A major new report on the UK’s fintech sector has found that, while the UK continues to lead in fintech, according to a long-awaited government-backed review of the sector.

The 108-page Kalifa Review, released on Friday, lays out a five-point plan for the continued development of fintech in the UK. The review was commissioned in 2020 to identify priority areas to support the UK fintech sector.

The report recommends the creation of a fintech growth fund, allowing UK pension funds to invest in early stage companies and disincentivise them from quickly selling to wealthy foreign competitors. It also recommends that a retraining programme be set up to encourage further education colleges to help workers understand new tech skills.

Further recommendations include the development of ten new fintech “clusters” across the UK and the establishment of a Centre for Finance, Innovation and Technology to coordinate and encourage growth across the sector.

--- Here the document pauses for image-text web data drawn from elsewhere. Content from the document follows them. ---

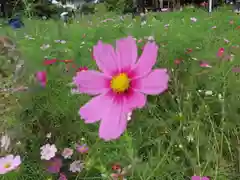 般若寺 ❁﻿コスモス寺❁の自然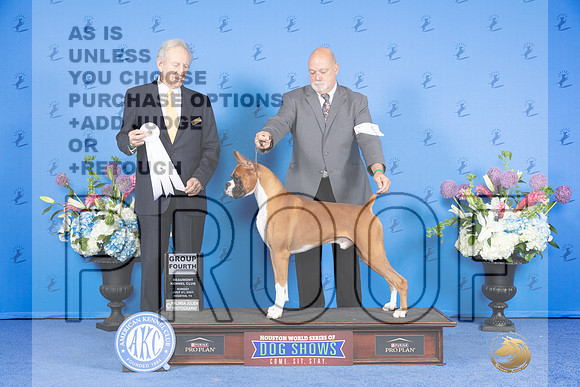 Boxer #5 SUN G4 Judge James Moses_JP_0832_Houston_2024-HR3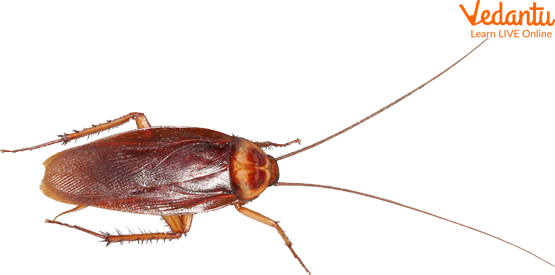 Cockroach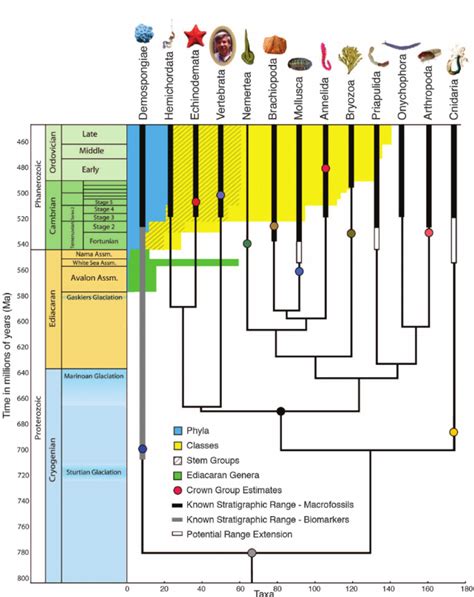 Fossil Record Timeline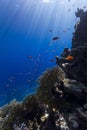 Underwater scene with fish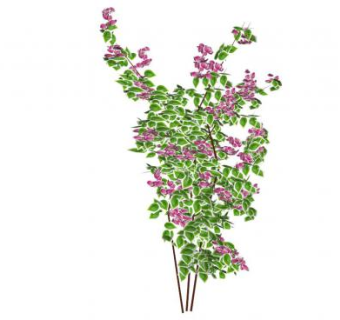 叶子花su模型下载_sketchup草图大师SKP模型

Ron Kalifa OBE, former head of payments firm Worldpay, warned that the UK attracted only 4.5% of new financial company IPO listings between 2015 and 2020, falling far behind the 39% that floated on Nasdaq and the NYSE.

“Britain has a proud record of starting-up and scaling-up some of the best known fintech products, but we cannot rest on our laurels,” Kalifa warned in a statement. “The next powerhouses will not be created by accident.

“We must continue to nurture our start-up culture, but crucially we must also give our high growth firms the support to become global giants.”

After the 2008 financial crisis, fintech emerged as one of the UK’s most fast-expanding industries. It is now worth £11 billion and accounts for 10% of the global market, with high-profile London-based firms such as Monzo, Revolut and Checkout.com making the capital an international hub for fintech.